#### Exercise objective
Begin at the line that has "4/$20 S small", stop after the line that has "OCCHIALI CHANEL DA", and print exactly those lines from the records below, without any pictures.

#### Data for this exercise
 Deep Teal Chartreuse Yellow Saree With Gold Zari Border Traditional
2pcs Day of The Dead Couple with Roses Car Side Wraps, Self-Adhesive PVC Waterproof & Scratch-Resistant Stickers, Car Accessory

--

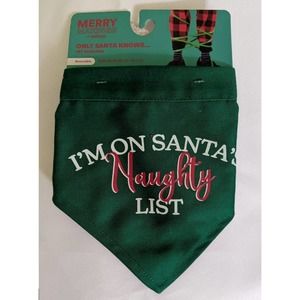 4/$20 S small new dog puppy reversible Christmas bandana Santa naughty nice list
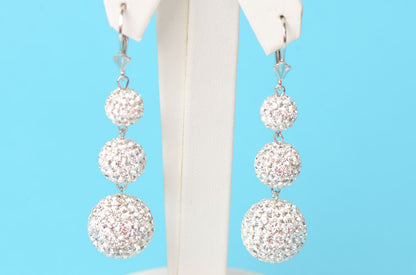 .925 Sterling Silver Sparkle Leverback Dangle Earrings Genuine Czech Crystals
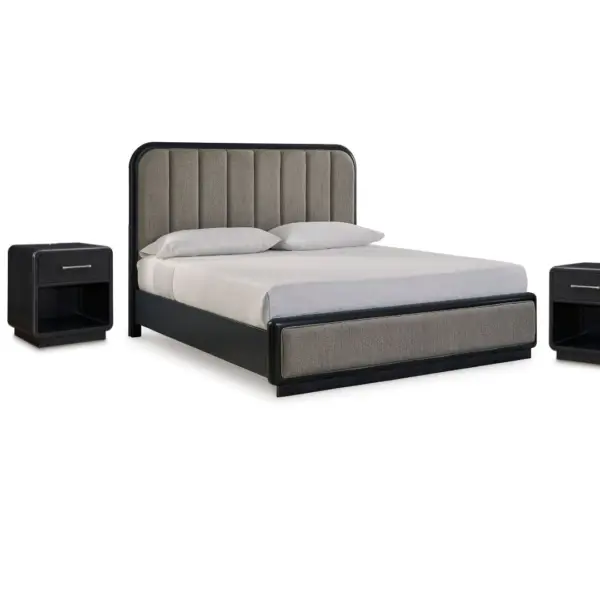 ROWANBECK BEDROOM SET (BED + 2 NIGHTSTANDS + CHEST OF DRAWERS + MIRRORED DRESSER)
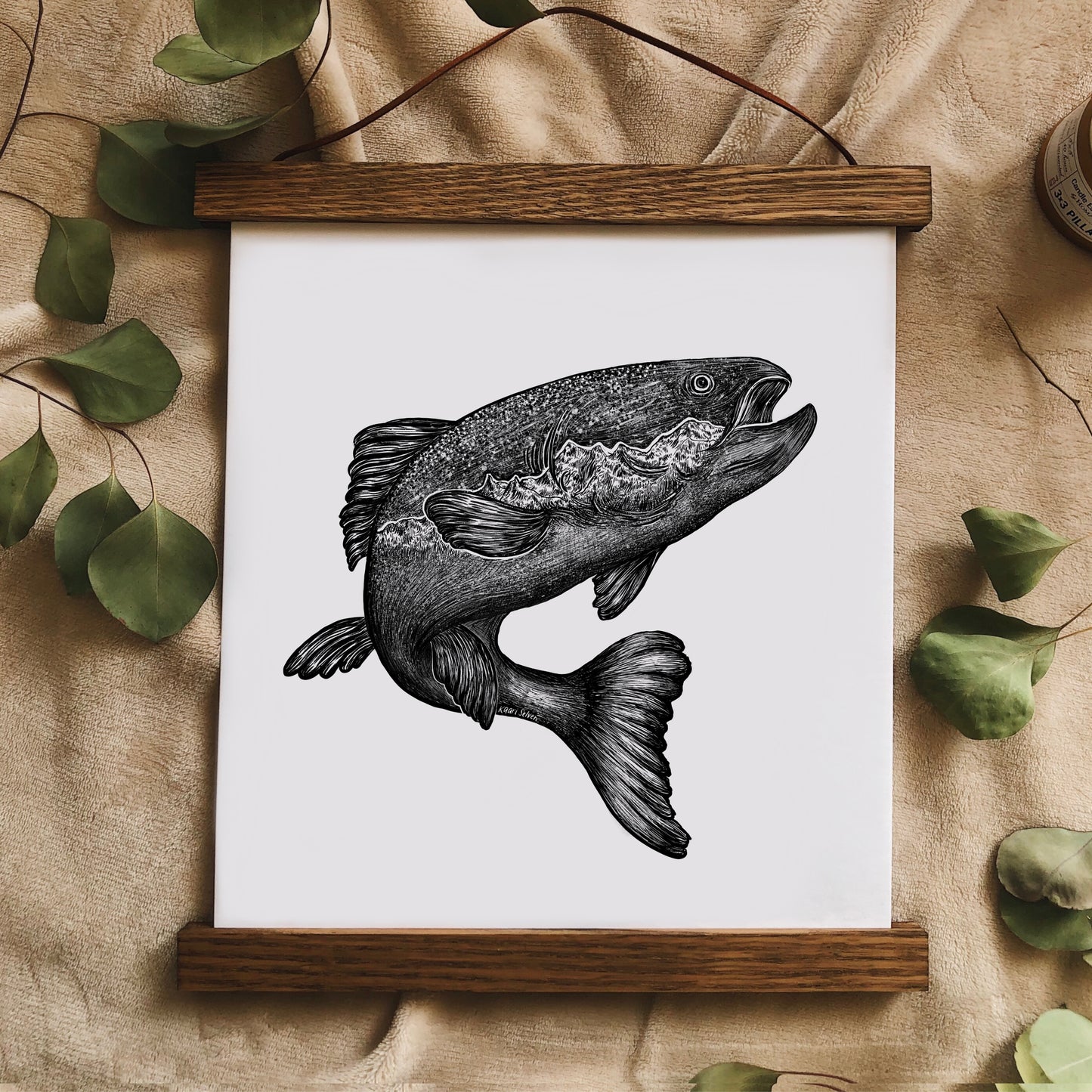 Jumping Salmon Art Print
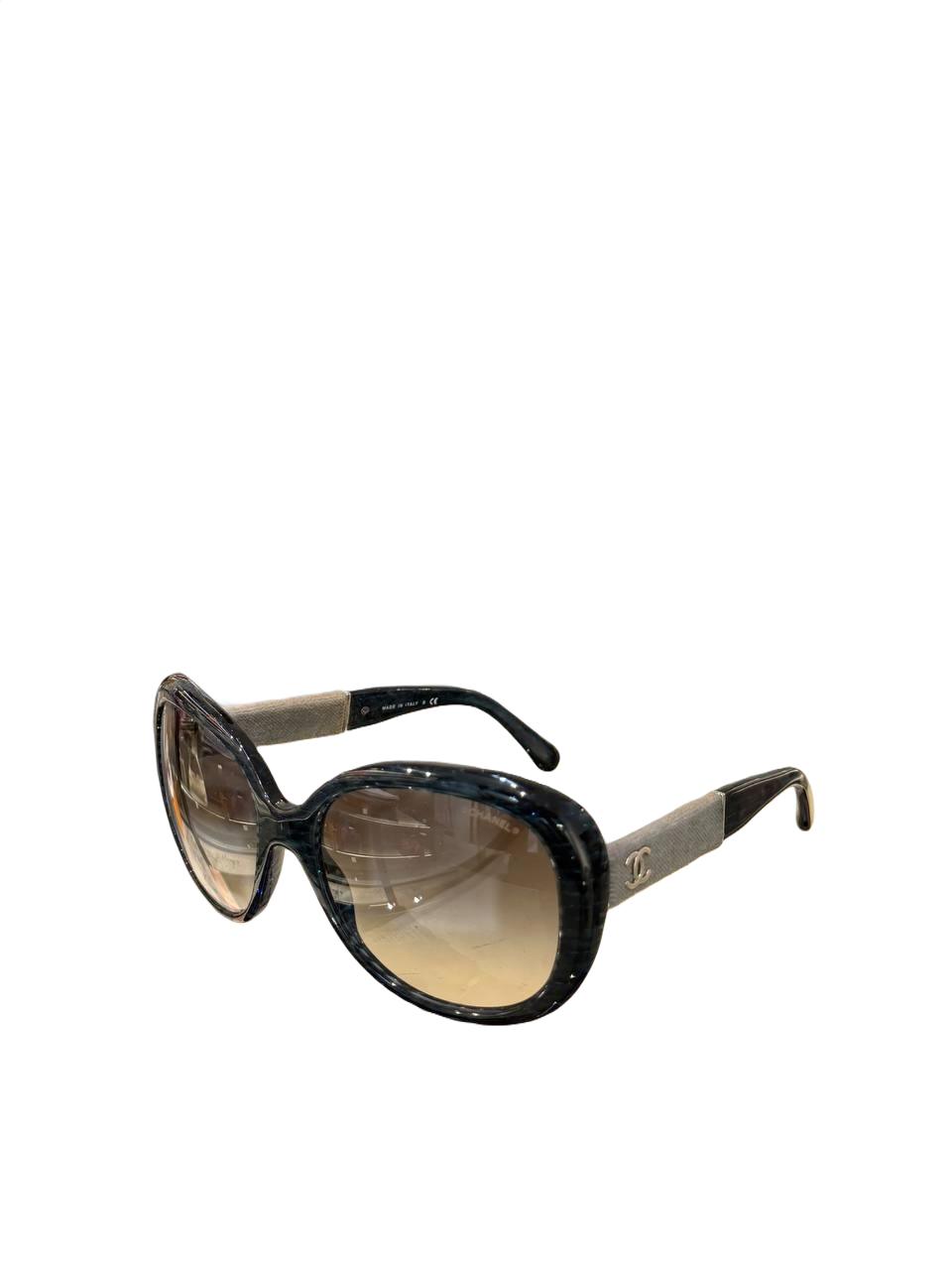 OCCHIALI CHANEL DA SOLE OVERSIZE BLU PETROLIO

#### Solution for this exercise
 4/$20 S small new dog puppy reversible Christmas bandana Santa naughty nice list
 .925 Sterling Silver Sparkle Leverback Dangle Earrings Genuine Czech Crystals
 ROWANBECK BEDROOM SET (BED + 2 NIGHTSTANDS + CHEST OF DRAWERS + MIRRORED DRESSER)
 Jumping Salmon Art Print
 OCCHIALI CHANEL DA SOLE OVERSIZE BLU PETROLIO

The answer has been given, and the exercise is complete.